The mud flats are exposed for a short time during low tide, and, as the surface of the water here rises and falls with the tide more than 4 feet, with a maximum fluctuation considerably greater, large volumes of water are continually flowing backward and forward over the flats. As the tide rises, strong currents of sea water set in through the inlets, flow up the main channels and through the thoroughfares, and gradually find their way into the countless small channels and out of them over the broad level stretches of soft mud. As the tide falls, this action is reversed, and the broad sheet of water finds its way by devious paths through the winding watercourses out to sea. The larger channels extend considerably below the surface at times of highest water and may be quite deep even at times of low water. They are, perhaps, stream courses excavated before the region was drowned. Many of the smaller channels also have the general form characteristic of normal stream channels, although others show peculiarities not common to subaerial drainage. The origin of these submarine and tidal features is not well understood, but the photographs of them show their form and furnish some basis for a study of them.

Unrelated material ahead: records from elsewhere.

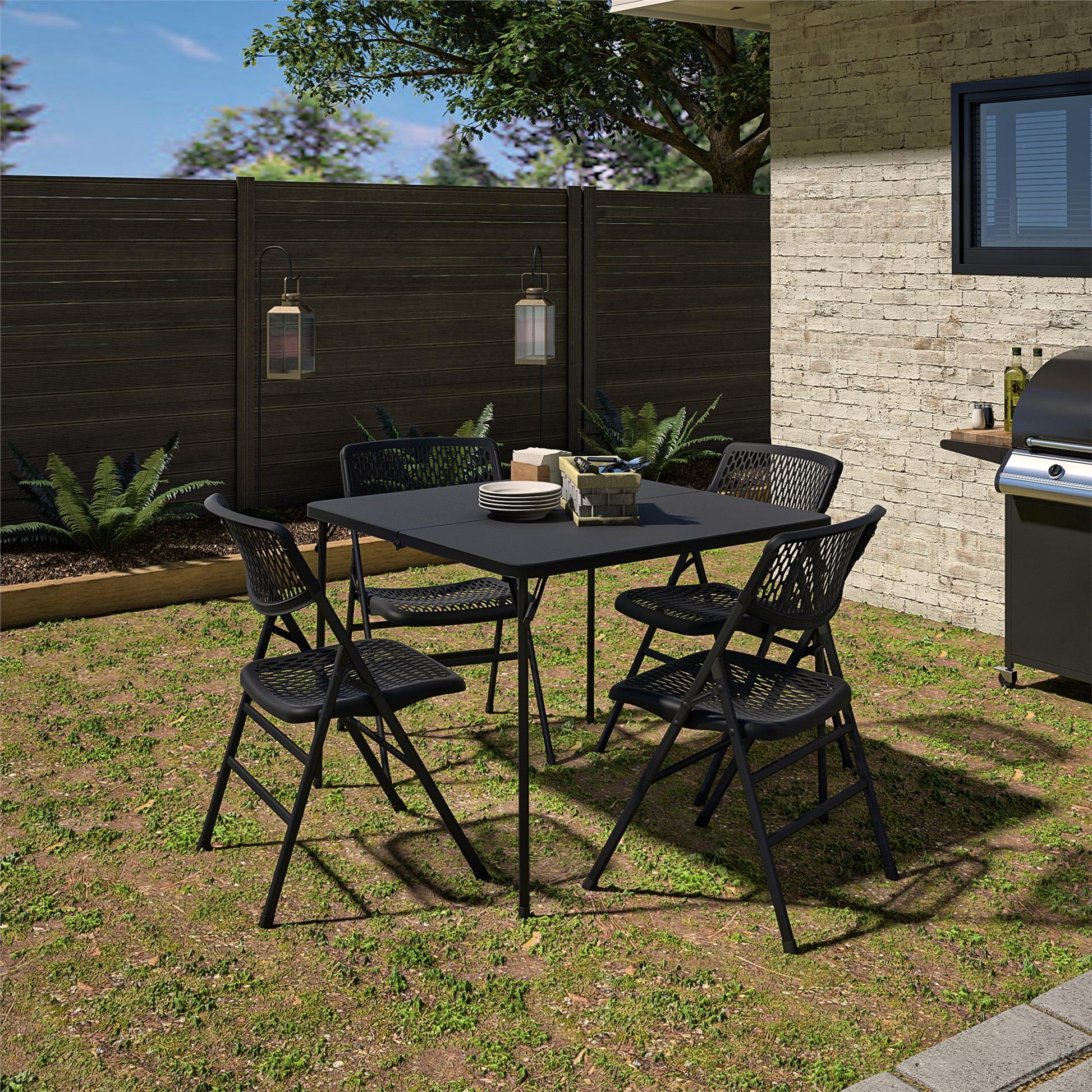 38.5 Inch Indoor and Outdoor Fold-in-Half Card Table with Handle - Black - 1-Pack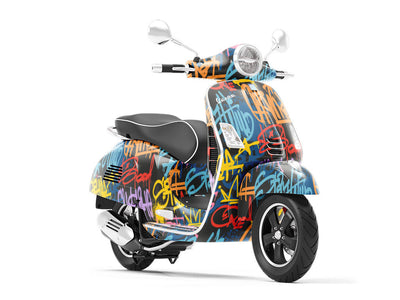 Stay Wild Graffiti Vespa Scooter Wrap Film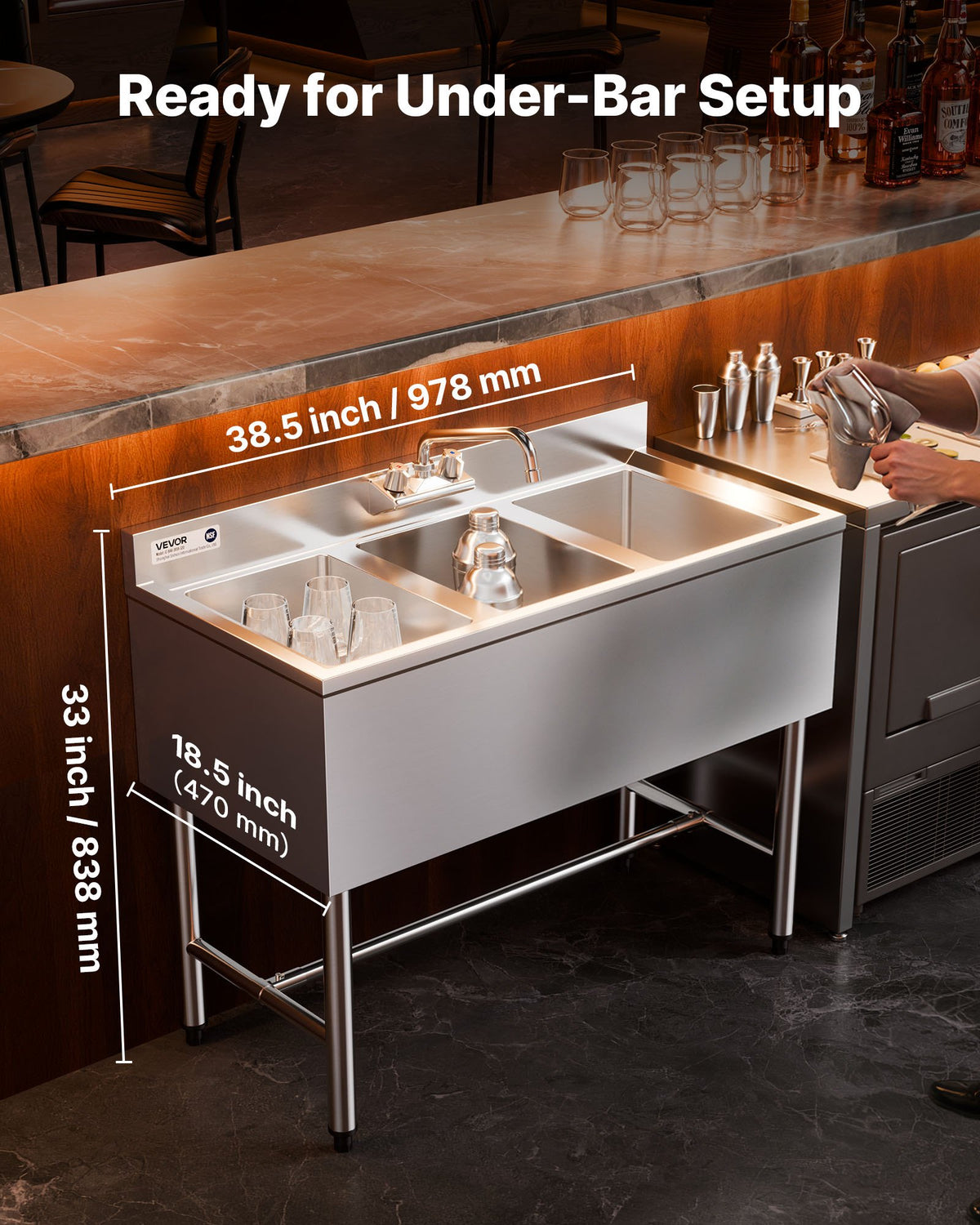 VEVOR 3 Compartment Sink, 18-Gauge 304 Stainless Steel, 10" x 14" x 10" Bowl Size, 3 Bay Commercial Under Bar Sink with Backsplash and Efficient Drainage for Kitchen, Restaurant, Food Truck & Home Use - BXGDLSSCMSSC0LHIC001V0 - view 4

Fig. 28—A stream system of the mud-flat area on the ocean side of the Eastern Shore, Virginia. The light-colored area is beach sand above water. The treelike form is a stream system of subnormally developed pattern. Note the seeming uncertainty of course, some of the branch streams rising close to the mouth of the trunk stream; the junction of branches at the head; and the “frostwork” patterns. Scale not known.

Fig. 29—Mud-flat streams, showing curious frostwork pattern at the head of underwater channels. Note the pools and the veinlike drainage lines from them. Scale not known.

The photographs reproduced as Figures 28 and 29 were taken northeast of Cape Charles, Virginia, in the summer of 1920 at low tide. The light-colored ribbon-like bands represent water-filled channels; and the darker-colored areas, either wet mud exposed to the air or mud slightly submerged. However, photographs taken under certain conditions of light may show the exact line between the exposed and the drowned portions of a land surface.